Diageo staff in Scotland may strike over ‘paltry’ pay increase
SCOTTISH Diageo workers could be set for strike action after they rejected an “insulting” pay offer from the spirits giant.
Workers for the Johnnie Walker maker overwhelmingly rejected an offer to increase pay by 2.5%, with 95% of staff dismissing the deal.
Union Unite said yesterday that it will move to ballot its members at Diageo for strike action after the “derisory” pay offer.
Staff frustrations come at a time when Diageo is ploughing large funds into a flagship Johnnie Walker visitor attraction in Edinburgh as part of a £150m investment in Scottish Whisky tourism.

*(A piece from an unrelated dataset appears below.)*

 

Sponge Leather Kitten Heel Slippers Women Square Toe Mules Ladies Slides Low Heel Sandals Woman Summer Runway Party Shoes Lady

The spirits group, which also makes Smirnoff, Gordon’s and Guinness, has seen its share price rise by more than 20% since the start of the year on the back of strong sales.

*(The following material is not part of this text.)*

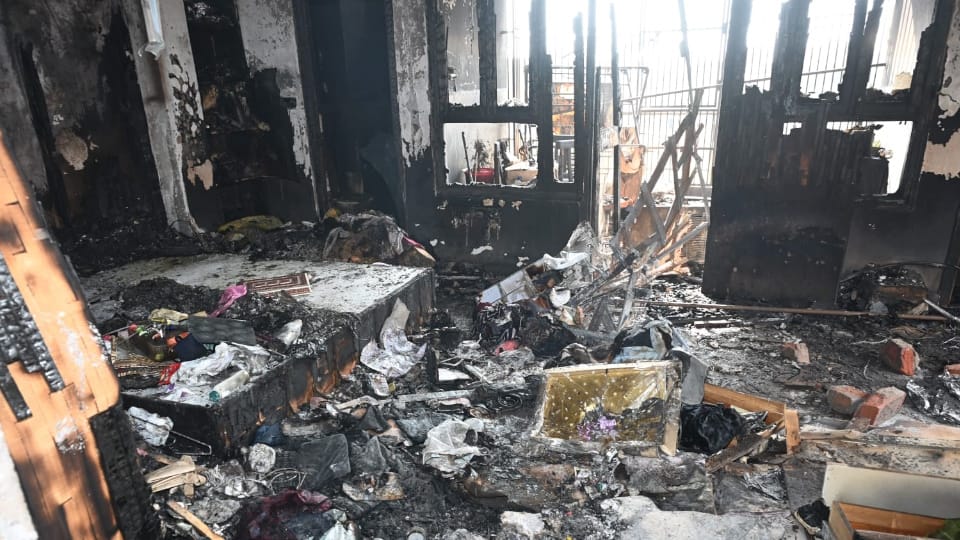 Kanpur Fire Incident fire on ground floor and lock on stairs to roof see photos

In January it said that operating profits for the six months to December 2018 had risen to £2.4bn, up 11%.
The union said that workers deemed the pay offer as “paltry”, given improvements in sales and profitability.
Bob McGregor, Unite regional industrial officer, said: “This offer is not only insulting, it’s disgusting given the profits made off the backs of hard working Unite members, who deserve a fairer share of the profits they generate for this hugely successful company.”
Separate negotiations over pay increases have taken place with staff at its sites in England and Ireland.
A Diageo spokeswoman said the offer was “equal to an increase of 2.8% on overall benefit and pay packages”, adding, “This offer is made in the context of maintaining a strong reward package” and remaining competitive.